TASK TO COMPLETE → A verbatim transcript of the data below is required, images omitted.

INFORMATION PROVIDED →
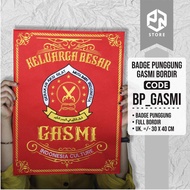 Badge Punggung Gasmi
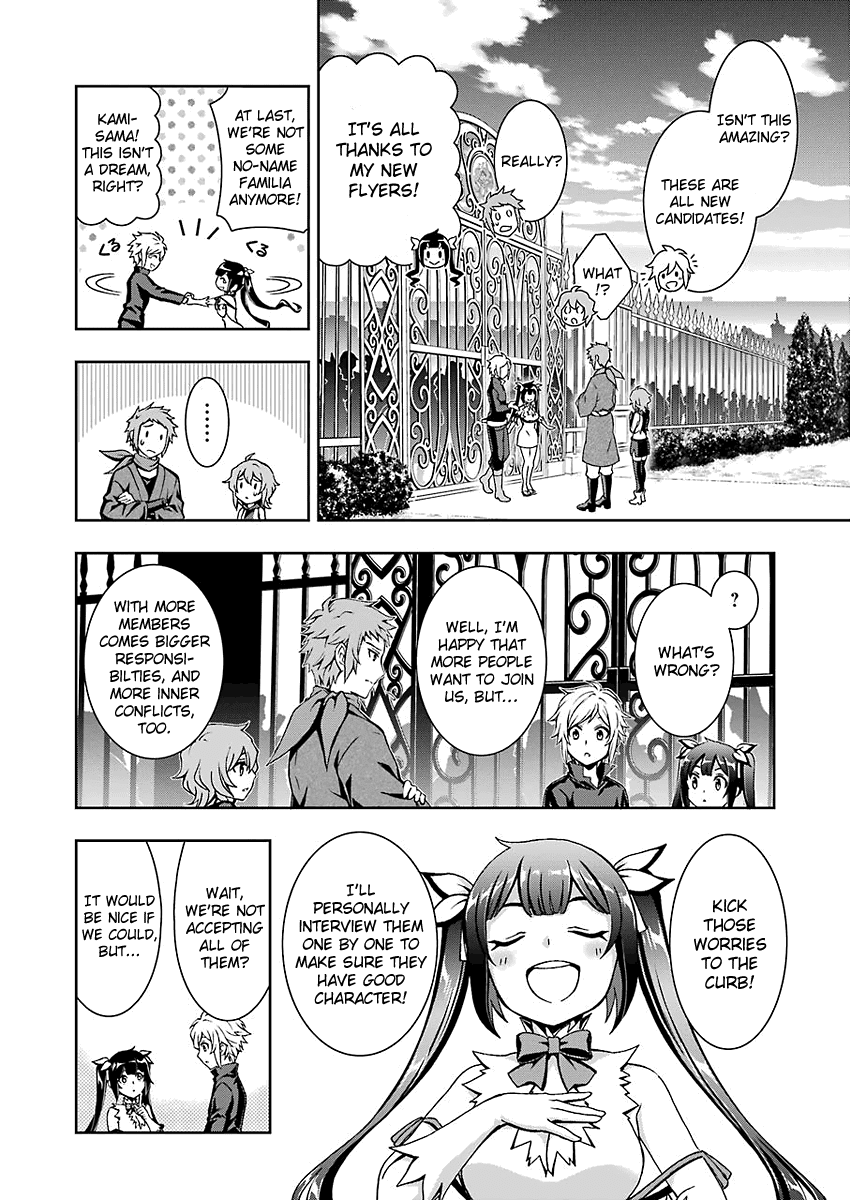 Dungeon ni Deai wo Motomeru no wa Machigatteiru Darou ka II chapter 1 - page 14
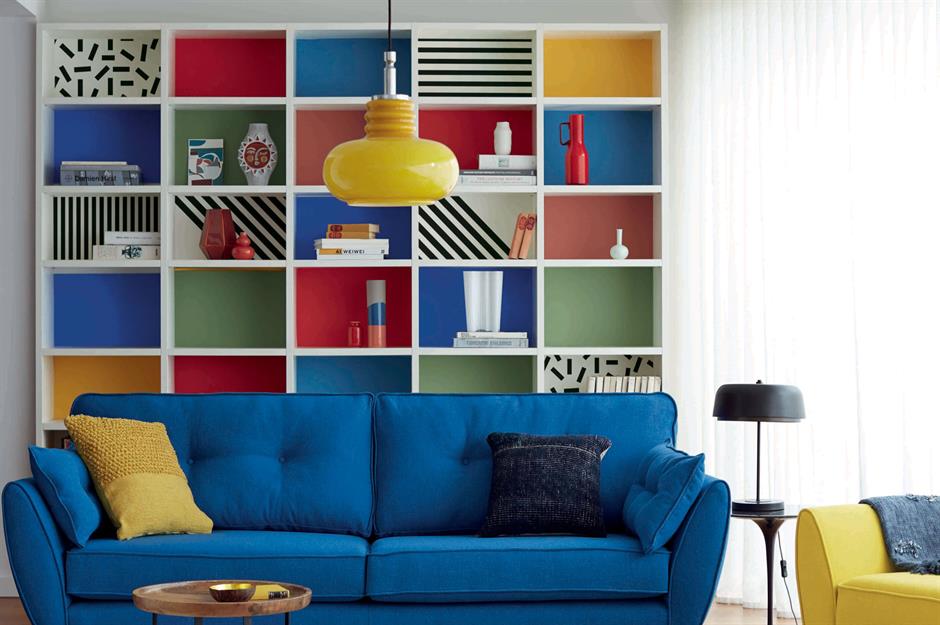 colorful furniture for small space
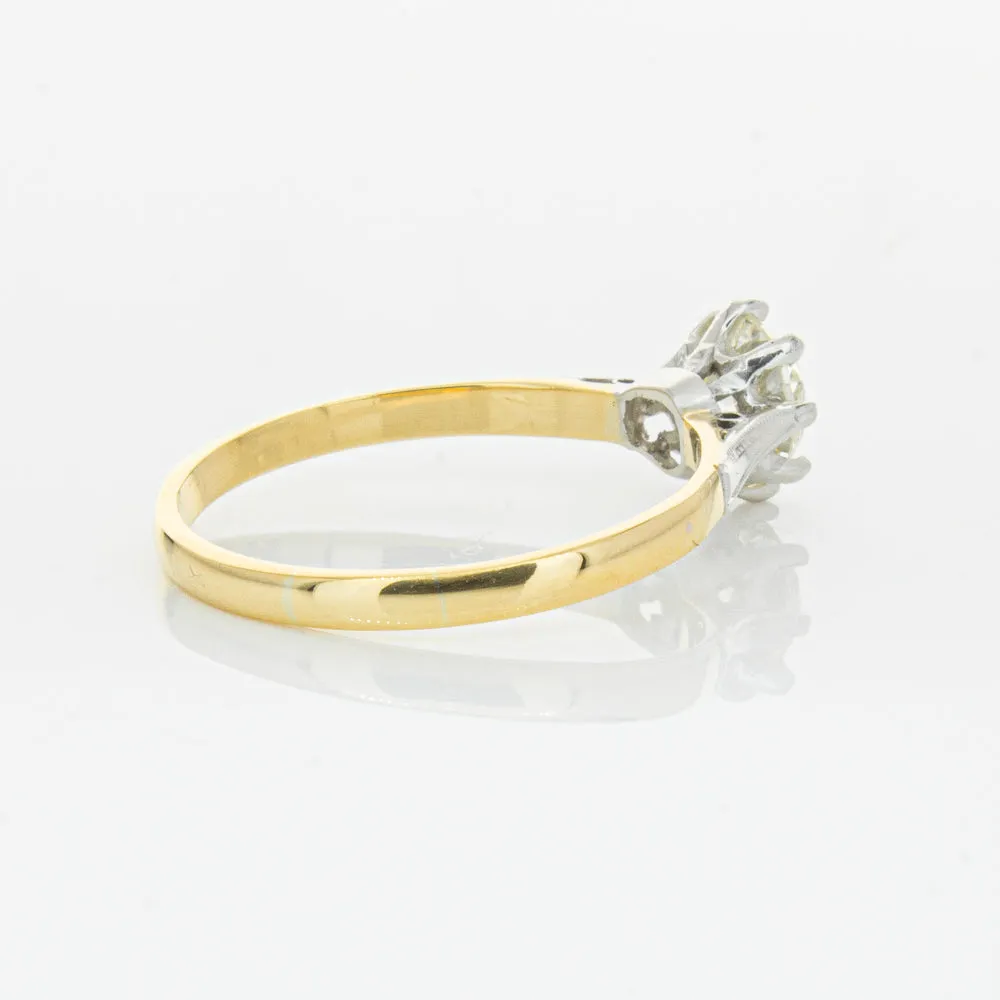 Deja Vu 18ct Yellow Gold & Palladium .70ct Diamond Ring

ANSWER FOR THIS EXERCISE →
 Badge Punggung Gasmi
 Dungeon ni Deai wo Motomeru no wa Machigatteiru Darou ka II chapter 1 - page 14
 colorful furniture for small space
 Deja Vu 18ct Yellow Gold & Palladium .70ct Diamond Ring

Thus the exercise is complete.